── THE INPUT ──
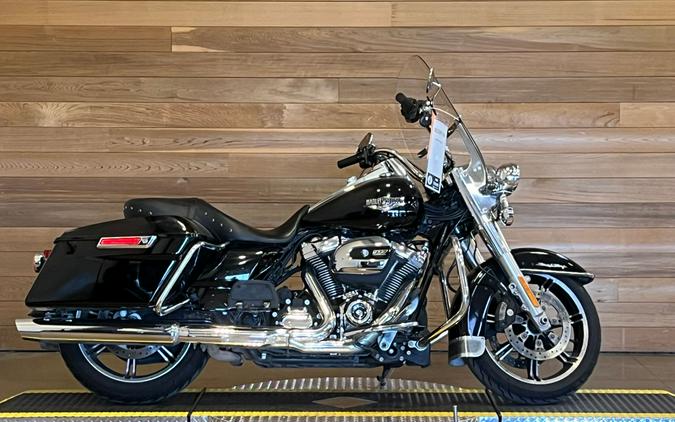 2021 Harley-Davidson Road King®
───
── THE INPUT ──
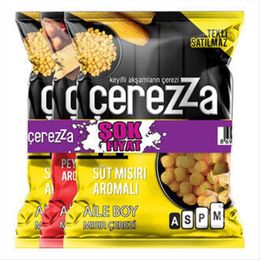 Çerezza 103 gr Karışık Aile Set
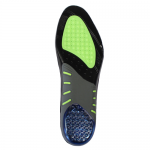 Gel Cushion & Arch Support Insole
───
── THE INPUT ──
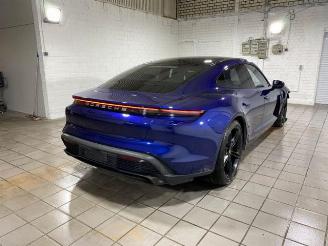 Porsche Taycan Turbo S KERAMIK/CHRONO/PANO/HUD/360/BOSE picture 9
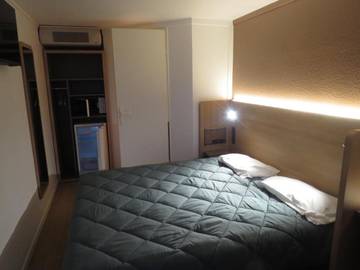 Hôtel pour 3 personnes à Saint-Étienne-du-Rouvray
───
■ PROBLEM
Go back to the listing above and write out the lines starting at the one with "Porsche Taycan Turbo" and ending at the one with "Hôtel pour 3", inclusive, exactly and without pictures.

■ RESULT FOR THIS TASK
 Porsche Taycan Turbo S KERAMIK/CHRONO/PANO/HUD/360/BOSE picture 9
 Hôtel pour 3 personnes à Saint-Étienne-du-Rouvray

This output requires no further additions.